Aucun doute : le problème est sérieux.
Il est courant qu'une entreprise revendique
soudainement la propriété intellectuelle d'une technologie.
Mais la plupart du temps, elle peine à convaincre les industriels
du lui reverser de justes compensations. Pourtant, le brevet No
4 698 672 semble plus convaincant que bon nombre de ses
semblables. Il a été déposé par un scientifique
reconnu - Wen-Hsiung Chen - auquel les spécialistes
accordent un certain poids dans la naissance du standard. Un sérieux
argument en face de la justice - qui a sans doute pesé
lourd dans le choix de Sony.
Des racines douteuses
Du côté des adversaires de Forgent Networks, on fait
valoir que le brevet ne porte pas sur l'intégralité
de la norme de compression Jpeg, mais seulement sur une partie.

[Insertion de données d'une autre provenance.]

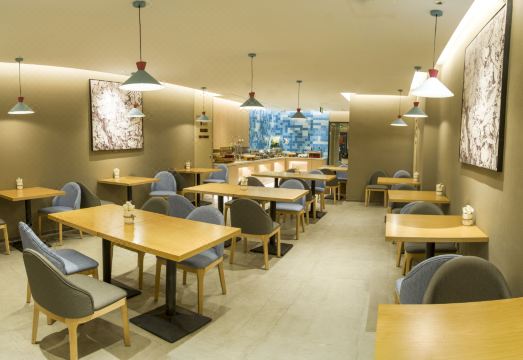 Home Inn (Chaoyang Xinhua Road,Shangyecheng) Hotel Overview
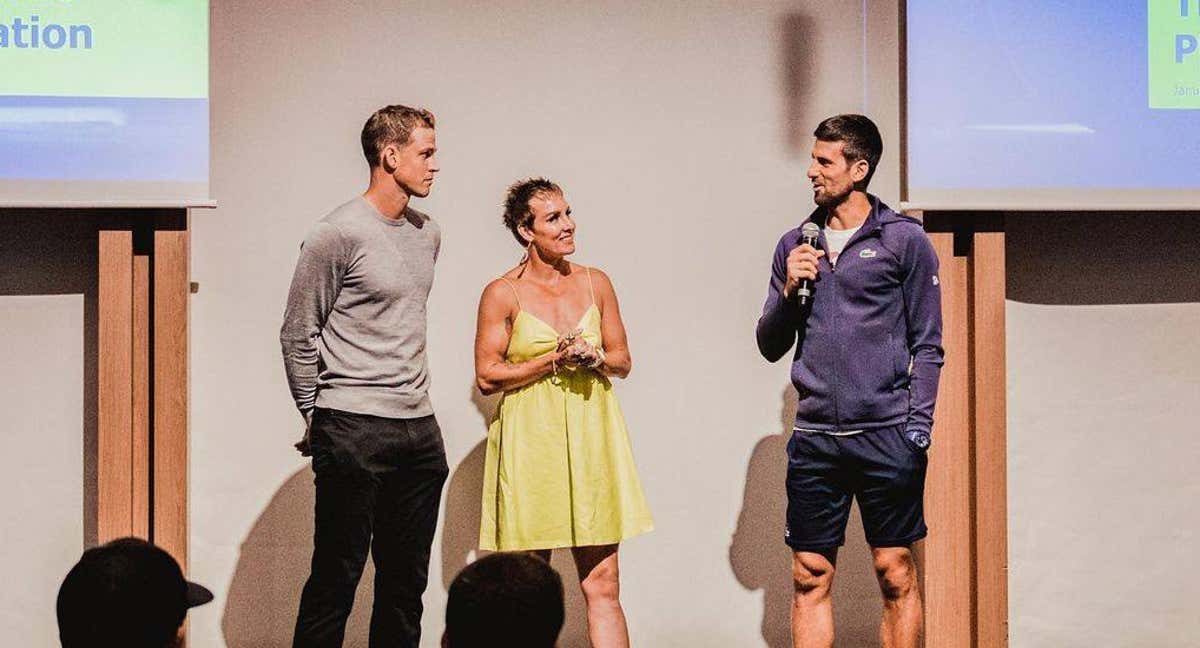 Vasek Pospisil, Bethanie Mattek-Sands y Novak Djokovic, durante la presentación de comité ejecutivo de la PTPA en Australia. /PTPA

Pire : en 1986, le standard était manifestement proche
d'être finalisé par une autre organisation au moment
ou Chen a publié son brevet. Ce qui pousse certains à
affirmé que les travaux de Chen auraient tiré profit
du travail d'autres chercheurs.
L'affaire a donc un goût amer,
d'autant plus prononcé que les sommes mises en jeu se comptent
en centaines de millions de dollars. Une pillule difficile à
avaler, pour le comité JPEG qui défend la gratuité
de son standard, et pour les industriels qui ont recours à
cette technologie.
Le tout pout le
tout
La pillule est d'autant plus indigeste qu'elle est administrée
par une startup qui a échoué dans son modèle
économique initial - la vidéoconférence -
avant de redécouvrir qu'elle
avait des brevets, et de tenter d'en tirer de gros revenus. Une
manoeuvre de mercenaire, que la justice sera sans doute appelée
à qualifier bientôt.
Et il est possible que la balance penche
du côté des utilisateurs. Souvenons-nous que Dell avait
été accusé pour avoir poussé à
l'adoption d'un standard - le VL-Bus - sans révéler
qu'il détenait le brevet de cette technologie. Une attitude
paradoxale qui consiste à faire passer du propriétaire
pour du libre, et à récupérer des royalties
une fois le standard imposé, après que tous ses partenaires
se sont laissés convaincre. Gageons que la justice saura
dire si Forgent Networks s'est rendu coupable d'une pareille manipulation.